Under the shadow of the present US slowdown, a new version of that yarn is growing in popularity. This time, the part of the gold-producing ant is being played by the Asian consumer, who is being targeted by Western companies ranging from the makers of breakfast cereals to the producers of private jets.
Michael Dell, the all-American PC tycoon, became the latest chief executive to turn his sights east when he announced plans last week to build computers “specifically to the requirements of China and India”. Days earlier, while on a trip to Bombay, Patrick Cescau, the chief executive of Unilever, summed up the present thinking. He said that “domestic demand, the economic strength of the region and changing trade flows that are less dependent on the US” made Asia a priority.

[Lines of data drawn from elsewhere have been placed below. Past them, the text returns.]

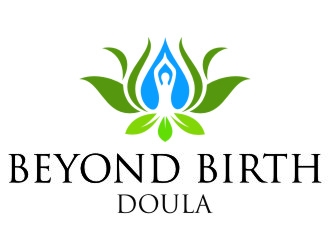Beyond birth doula logo design by jetzu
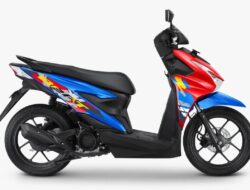 Memperkenalkan Honda BeAT 2026, Cek Spesifikasi dan Harganya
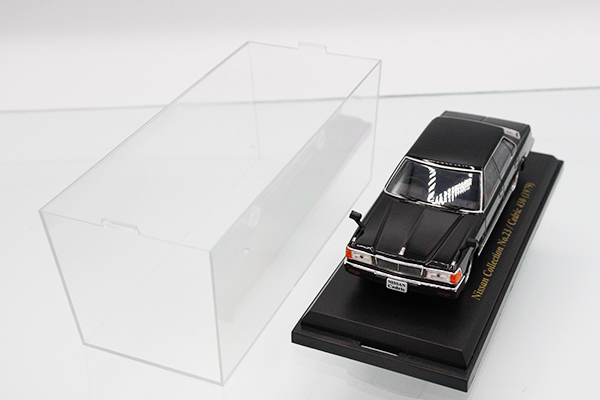 ミニカーショップ ケンボックス 日産名車コレクション☆23☆日産
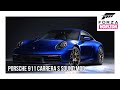 Porsche 911 Carrera S Sound Mod (FH5) para GTA San Andreas vídeo 1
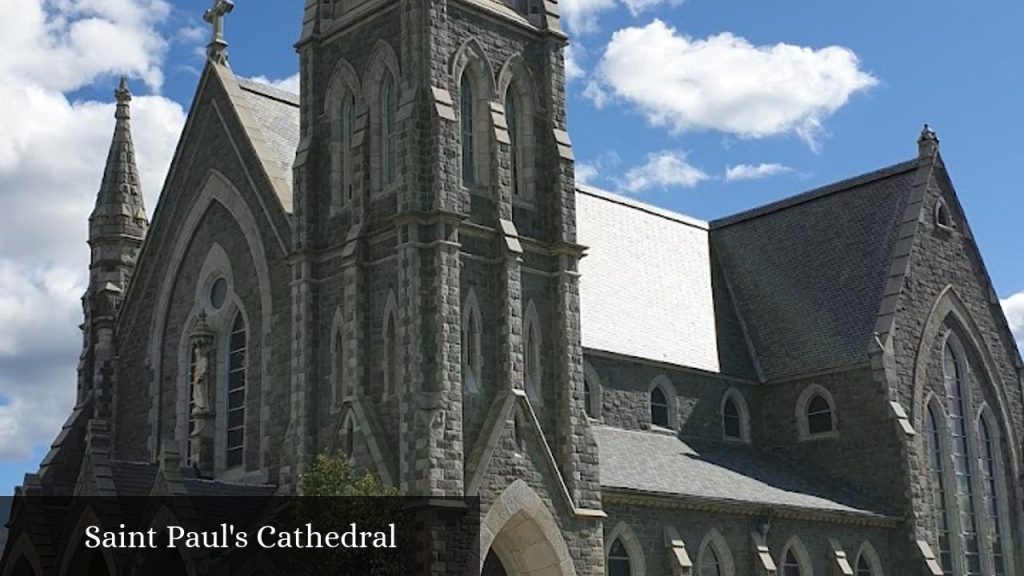 Saint Paul's Cathedral - Worcester (Massachusetts)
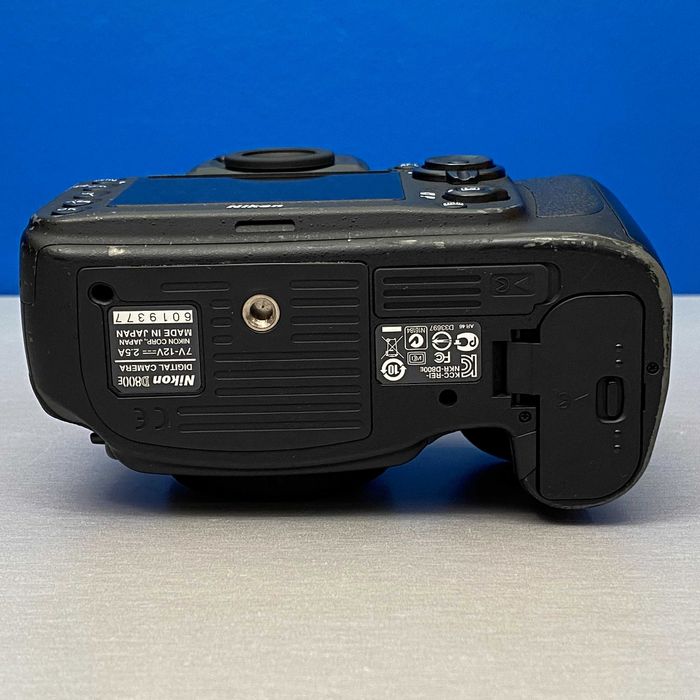Nikon D800E (Corpo) - 36.3MP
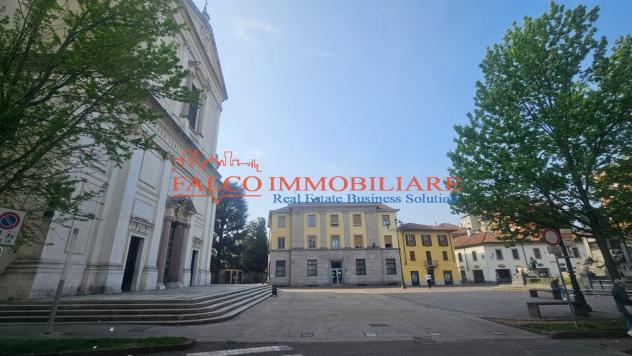 DESIO, PIAZZA CONCILIAZIONE 10 - AMPIO IMMOBILE COMMERCIALE 530 MQ ca. - Foto 2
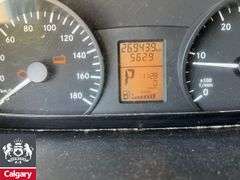 2010  Mercedes-Benz  Sprinter  3500 2dr Commercial/Cutaway/Chassis 170 in. WB  Cargo Van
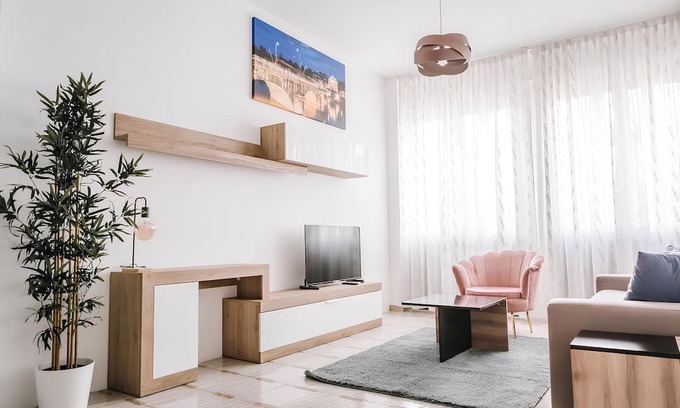 Santa Rita Apartment | Lingotto - Elegante Appartamento 5 Stelle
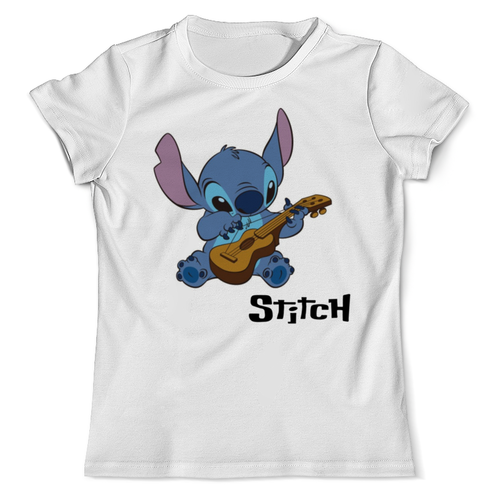 

Футболка GeekLand Лило и Стич Lilo and Stitch 01.24 (FU2101.24/boy-158)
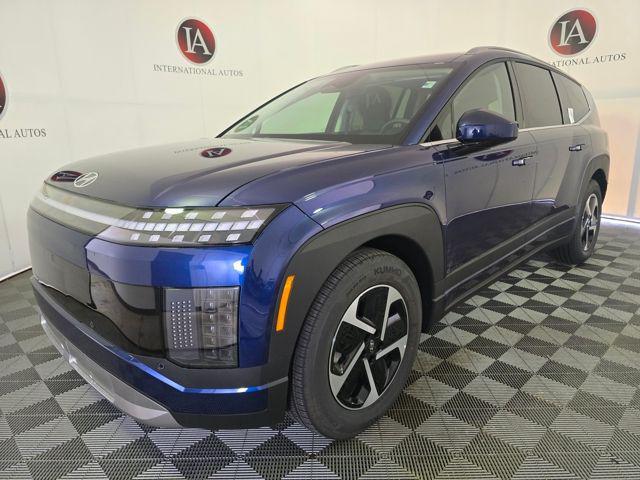 new 2026 Hyundai IONIQ 9 car, priced at $55,030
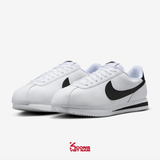 Deal Cuối, Chốt Nhanh! Giày Nike Cortez Leather White/Black DN1791-107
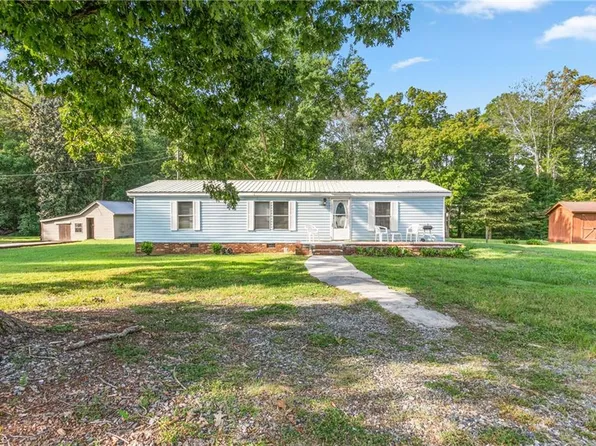 11928 E Old Us Highway 64, Lexington, NC 27292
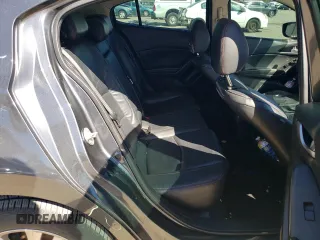2014 Mazda 3 i Grand Touring with VIN JM1BM1M72E1212149, listed as a Copart auction lot 75026484 with 144,027 mi miles and Salvage Title. Bid and sale history available at DreamBid. Image 10.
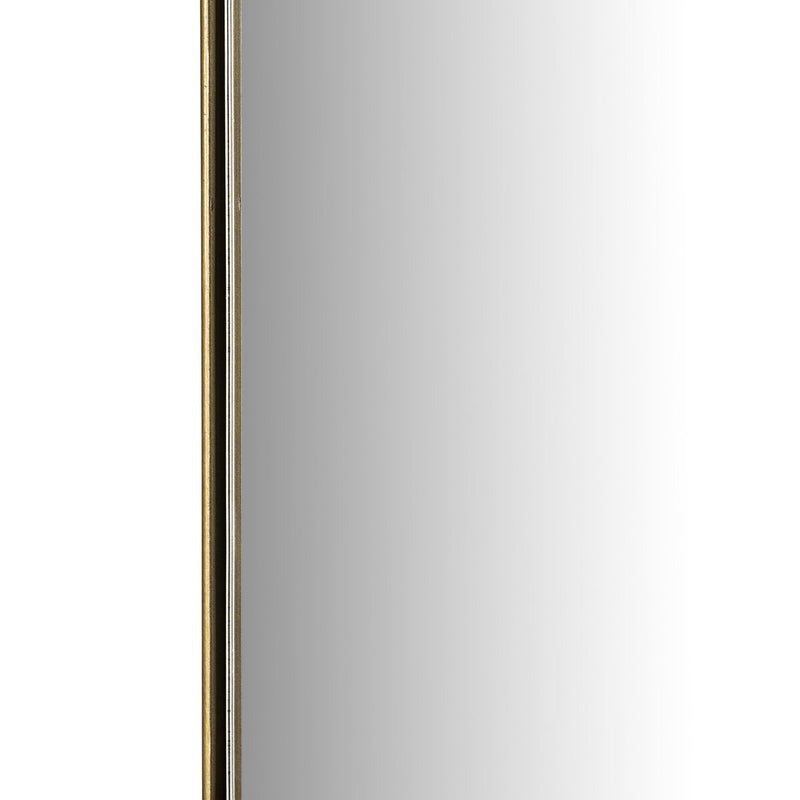 Jacques Mirror - Antique Brass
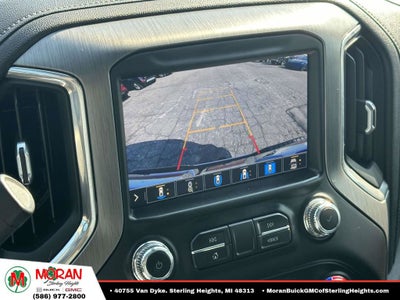 2021 GMC Sierra 2500 HD Denali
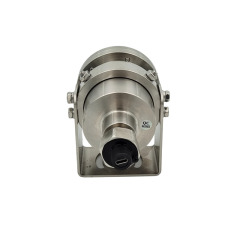 New Design USB-C type-c IP68 EX Explosion Proof Security 304 Stainless Steel CMOS Android 2MP1080P IR Night Vision UVC Vehicle USB Camera Oil Gas Coal boat Ship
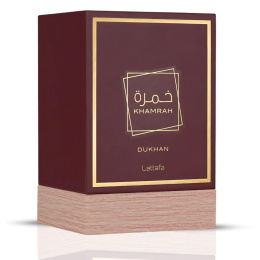 Lattafa - Khamrah Dukhan, 100 ml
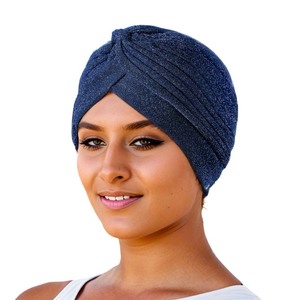 Ropa deportiva de poliéster de seda brillante dorada, sombreros árabes informales, pañuelos de cabeza de Oriente Medio indios para hombres y mujeres, apropiado para la playa - Product Image 4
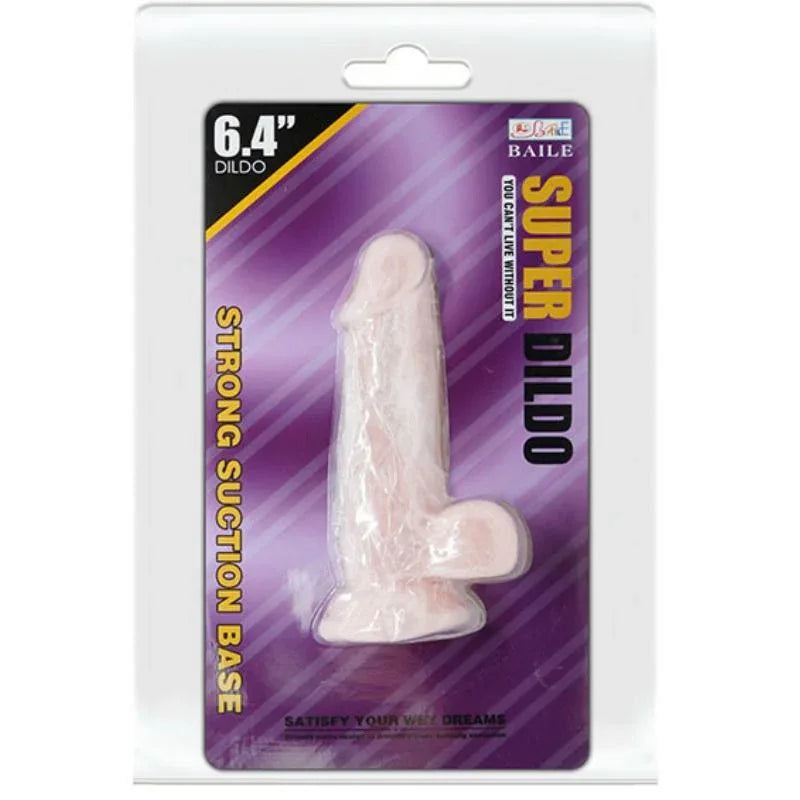 BAILE - SUPER REALISTISCHER NATÜRLICHER DILDO 16.5 CM - Vanelion Paradise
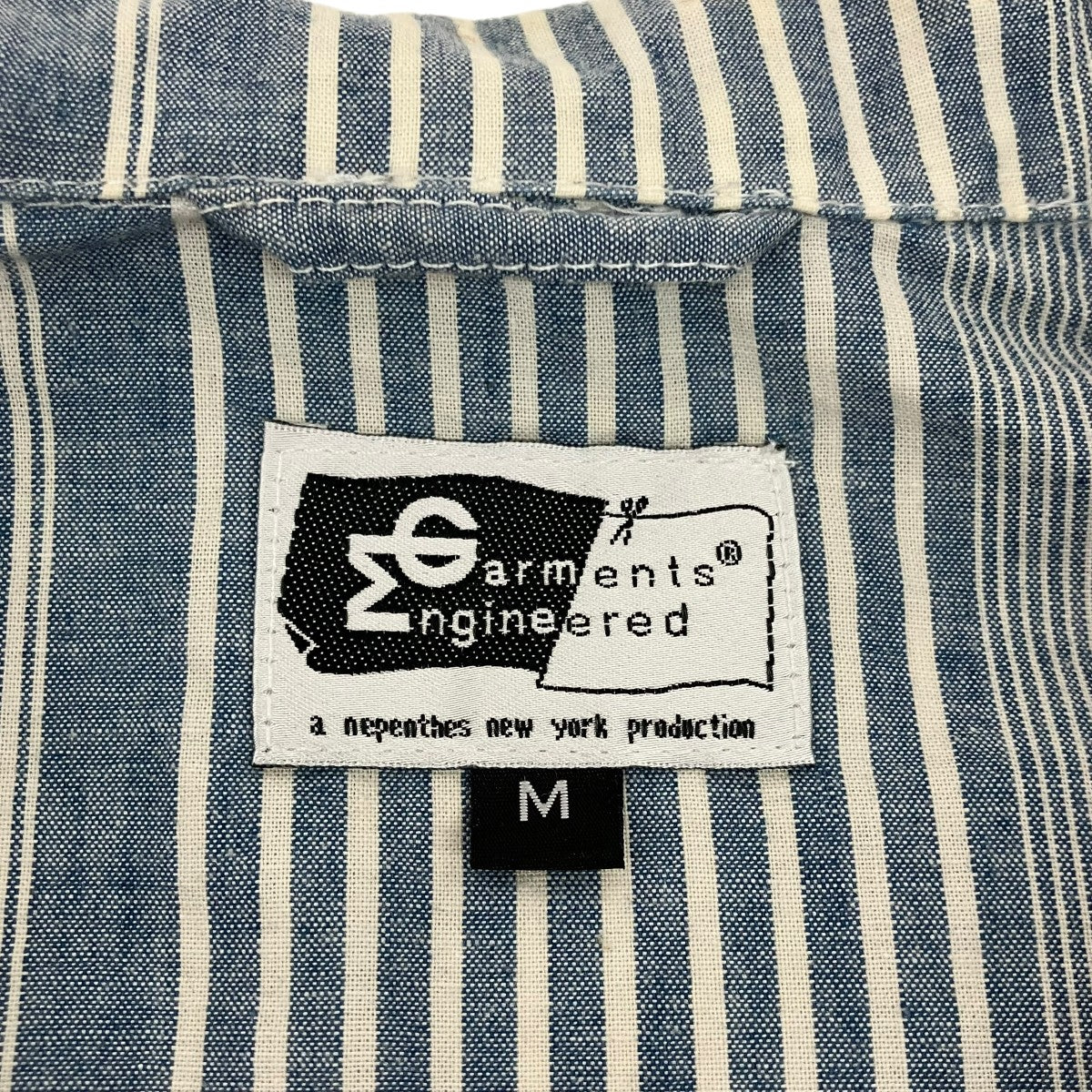 ストライプワークジャケット - Image 6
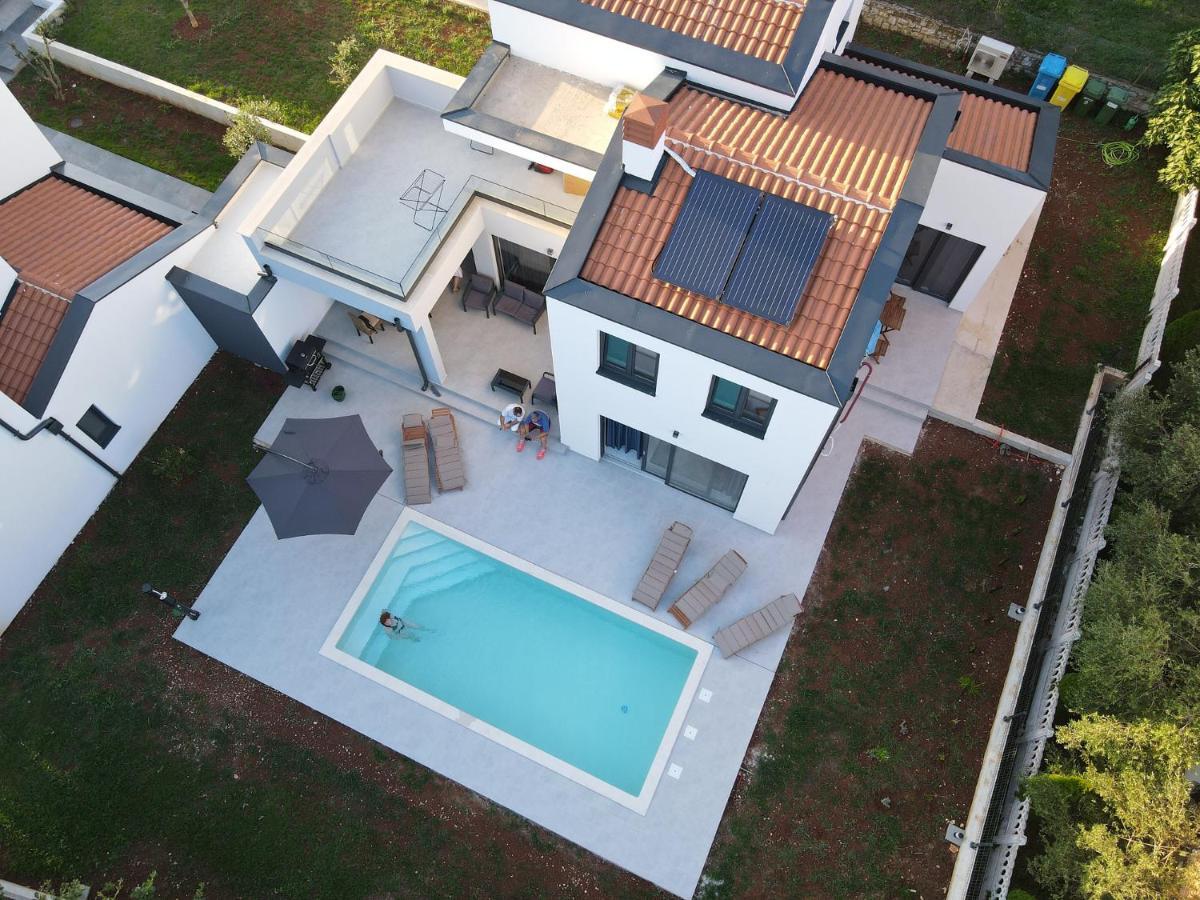 Villa Martin Noel Poreč Exterior foto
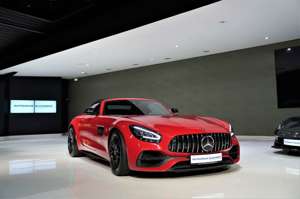 Mercedes-Benz AMG GT C Roadster*NIGHT*SPORTABGAS*NAPPA*BURM.* Bild 5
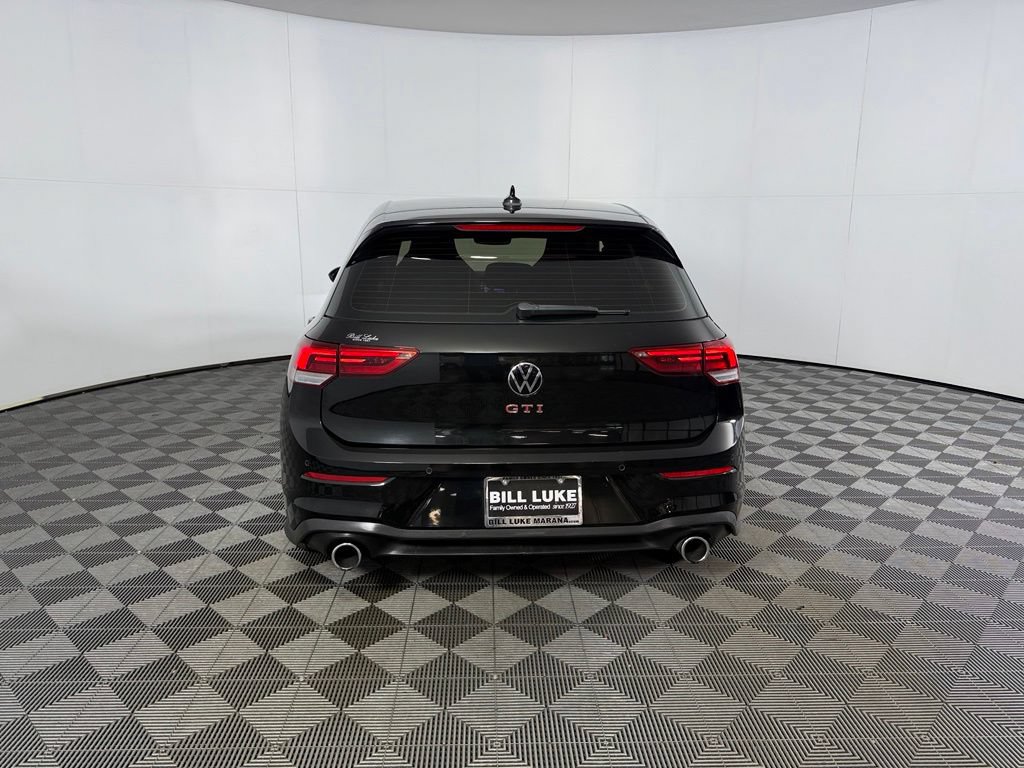Used 2024 Volkswagen GTI S FWD image 7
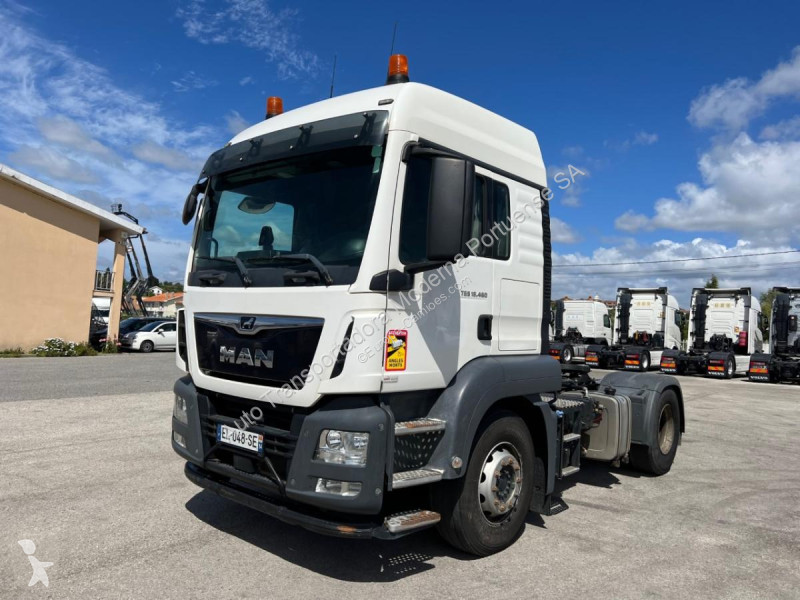 Traktor MAN 18.460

While Kellogg's is fighting to wean Indians off their traditional cooked breakfasts and on to cereals, a host of American, Japanese and European carmakers are rushing to copy Tata's Nano, the £1,250 car designed to tempt upwardly mobile Indian families away from their motorcycles. Nokia is focused on selling handsets to the “next billion” mobile phone users, most of whom will be Indian and Chinese. Disney recently increased its stake in Bollywood's biggest film producer.
Alongside the burgeoning middle classes, Asian high-flyers are being courted. Last week Warren Buffett's NetJets, which sells timeshares in executive jets, set up shop in India. Hawking rides on private aircraft in a country where three quarters of the population live on less than 20 rupees (25p) a day may seem counter-intuitive, but today's Asian story is more compelling than Herodotus's. According to the World Bank, developing economies accounted for two thirds of global GDP growth last year, if the purchasing powers of local currencies in local markets are taken into account.
Moves to liberalise their economies have made Asian consumers richer. According to Forbes, four of the world's ten richest men are Indian. Companies that have tapped into emerging markets early have done well. Standard Chartered, the London-based bank that has concentrated for years on Asia, Africa and the Middle East, posted a 28 per cent increase in annual revenues to $11.1 billion (£5.6 billion) last month. The star performer was its Indian wholesale arm, where profits surged 91 per cent.
So, could the emerging economies drag Europe and the United States out of a serious slump? Probably not, economists say. Although smart companies will profit from the rise of Asia, the West cannot expect to be rescued by India and China. As Stephen Roach, the head of Morgan Stanley's Asian business, noted, China and India combined account for only a sixth of US demand. He said: “It's mathematically impossible to see a major decrease in US consumption being made up by the Chinese and Indians.”
Moreover, as Bob Parker, vice-chairman of Credit Suisse Asset Management, noted, emerging market growth is moderating. This year China will achieve real GDP growth of about 9 per cent, down from nearly 12 per cent in 2007. A similar fall — about 9 per cent to 7 per cent — is likely in India. If there is a serious deficiency in Asia's armour, it is a dependence on Western export markets. There are suggestions that the emerging economies may be better off forgetting about the ailing West and concentrating on trading among themselves.
Asia exports about as much to non-Asian emerging markets — Russia and Eastern Europe, the Middle East and Latin America — as it does to the US. Peter Morgan, chief Asia economist of HSBC, said: “Asia is not big enough to save the West, but emerging markets — in the East and the West — may be big enough to save themselves.”